━━ Study material

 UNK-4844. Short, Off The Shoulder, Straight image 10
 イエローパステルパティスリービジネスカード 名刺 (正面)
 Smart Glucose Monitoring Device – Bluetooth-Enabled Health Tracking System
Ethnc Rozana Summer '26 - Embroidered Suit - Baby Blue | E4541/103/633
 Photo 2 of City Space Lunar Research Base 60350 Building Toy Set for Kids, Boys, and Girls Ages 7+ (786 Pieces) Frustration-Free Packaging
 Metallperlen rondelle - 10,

━━━━
━━ Study material

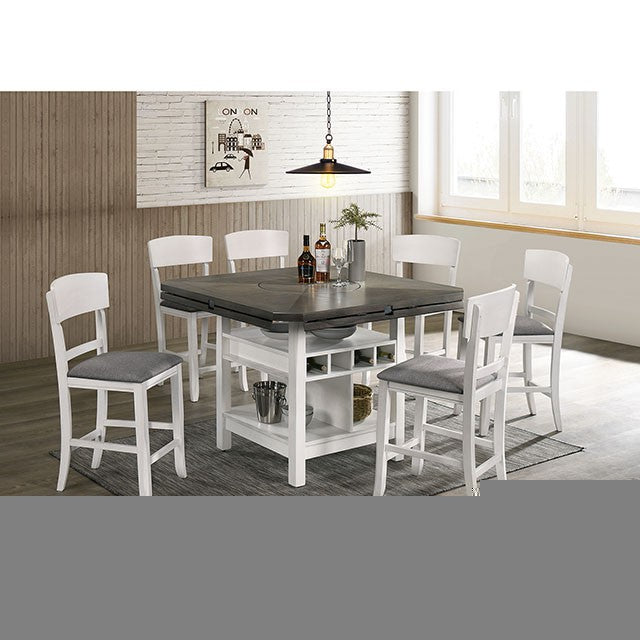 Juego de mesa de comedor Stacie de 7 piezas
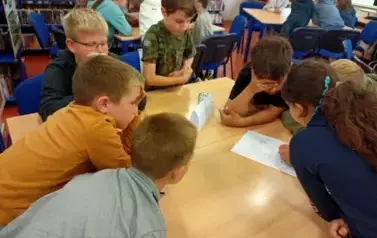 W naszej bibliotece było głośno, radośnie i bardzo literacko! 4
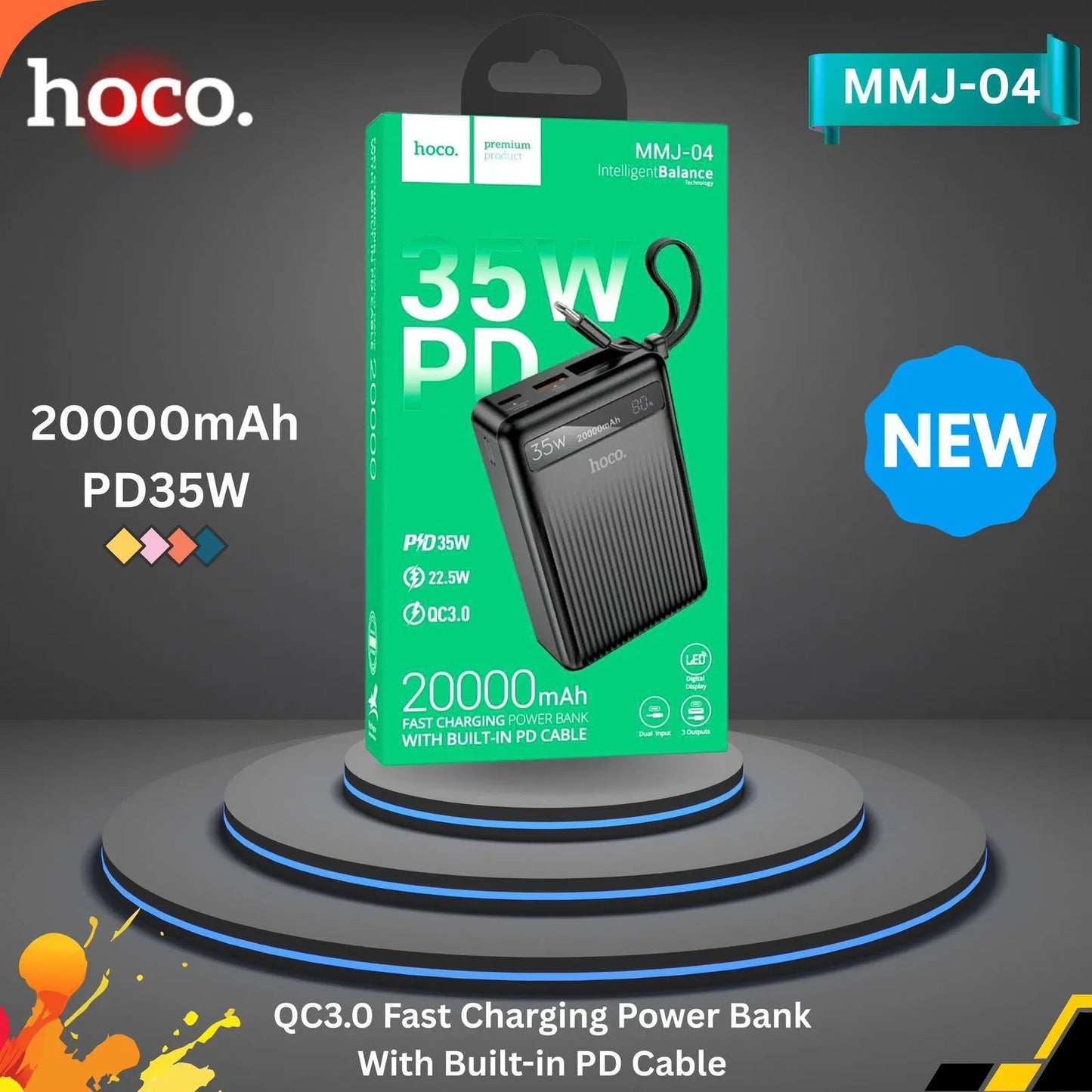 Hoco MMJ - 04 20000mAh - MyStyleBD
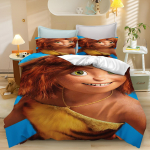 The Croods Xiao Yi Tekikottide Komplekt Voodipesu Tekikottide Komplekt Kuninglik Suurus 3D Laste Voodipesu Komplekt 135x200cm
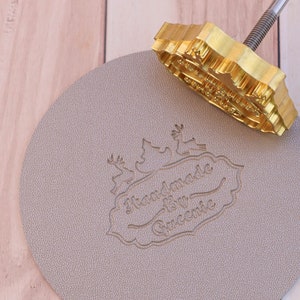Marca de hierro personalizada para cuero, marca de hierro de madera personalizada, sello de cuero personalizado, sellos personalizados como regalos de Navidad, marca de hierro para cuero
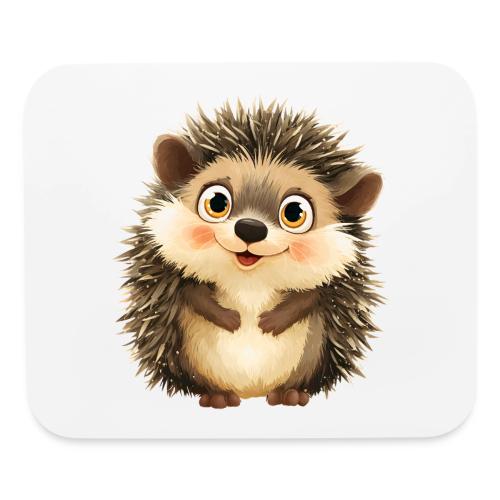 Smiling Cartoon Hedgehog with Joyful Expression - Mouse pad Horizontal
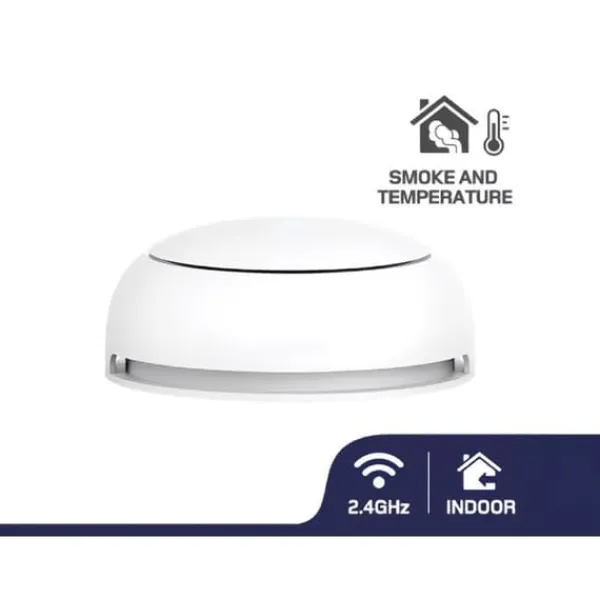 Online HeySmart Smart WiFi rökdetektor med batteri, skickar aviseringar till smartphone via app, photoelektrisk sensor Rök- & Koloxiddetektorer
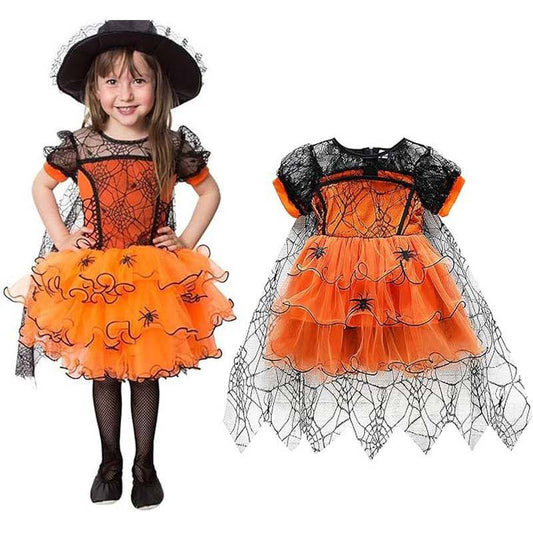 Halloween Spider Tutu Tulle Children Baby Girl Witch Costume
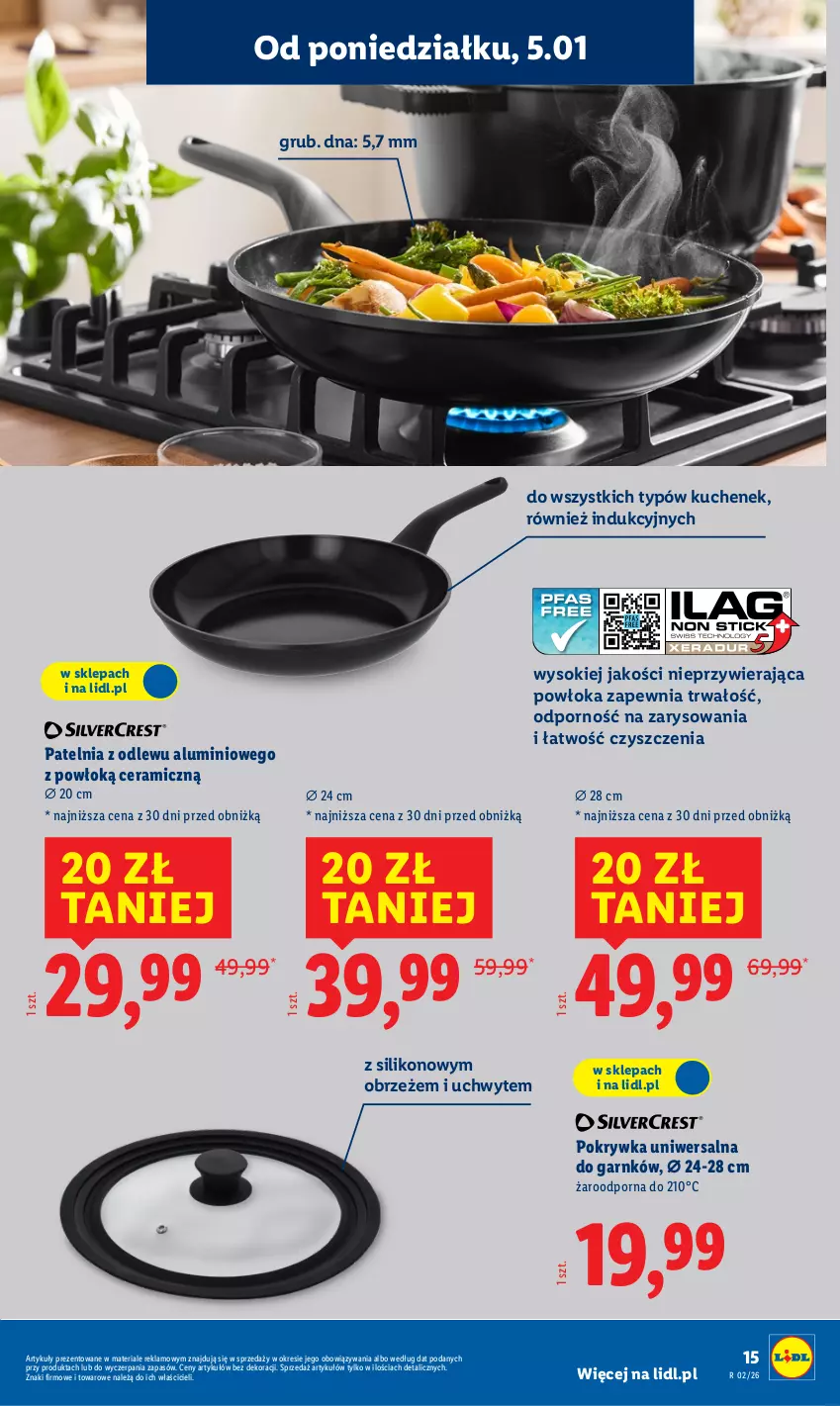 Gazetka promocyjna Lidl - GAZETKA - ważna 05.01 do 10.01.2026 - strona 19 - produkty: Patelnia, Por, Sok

━━━━
━━ Study material

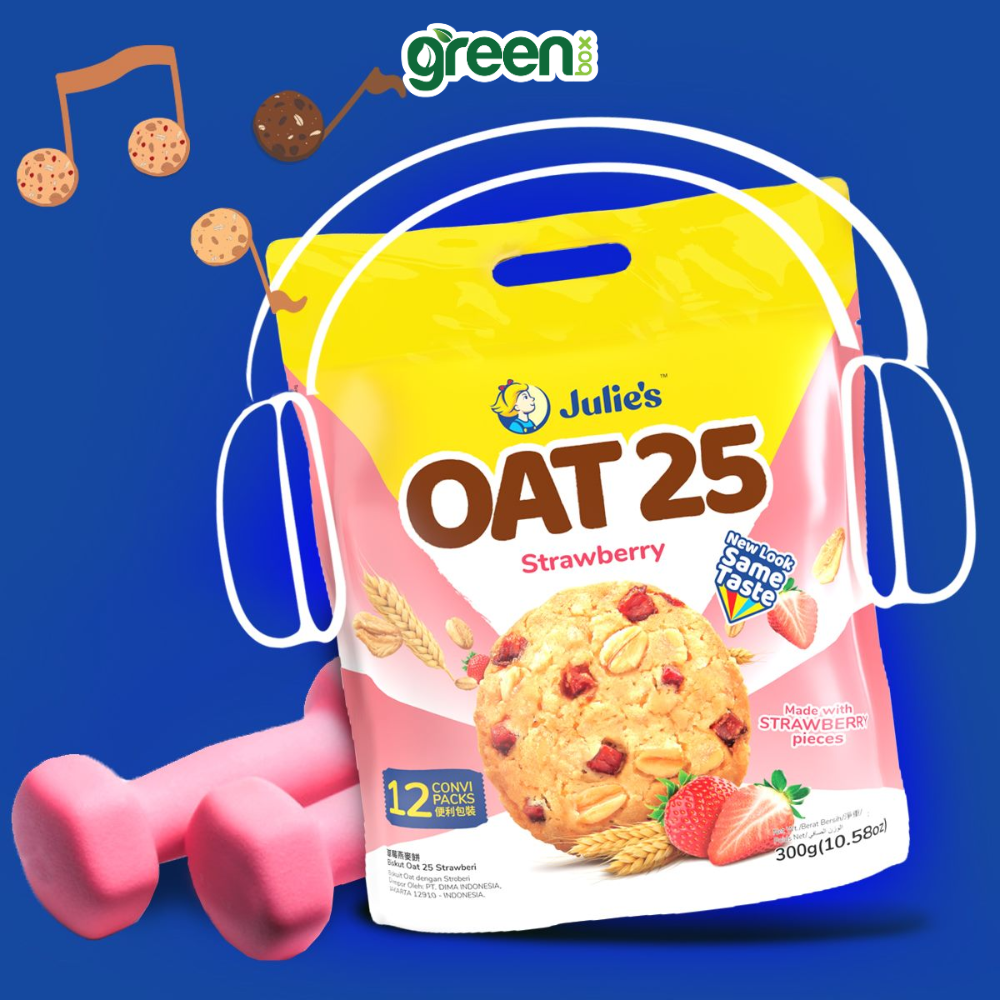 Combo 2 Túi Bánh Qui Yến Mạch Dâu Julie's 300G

━━━━

## Aim of the exercise
In the material above, locate the line containing "イエローパステルパティスリービジネスカード 名刺 (正面)" and the line containing "Ethnc Rozana Summer". Transcribe exactly those two lines and every line between them, and nothing more.

## Result of the task
 イエローパステルパティスリービジネスカード 名刺 (正面)
 Smart Glucose Monitoring Device – Bluetooth-Enabled Health Tracking System
Ethnc Rozana Summer '26 - Embroidered Suit - Baby Blue | E4541/103/633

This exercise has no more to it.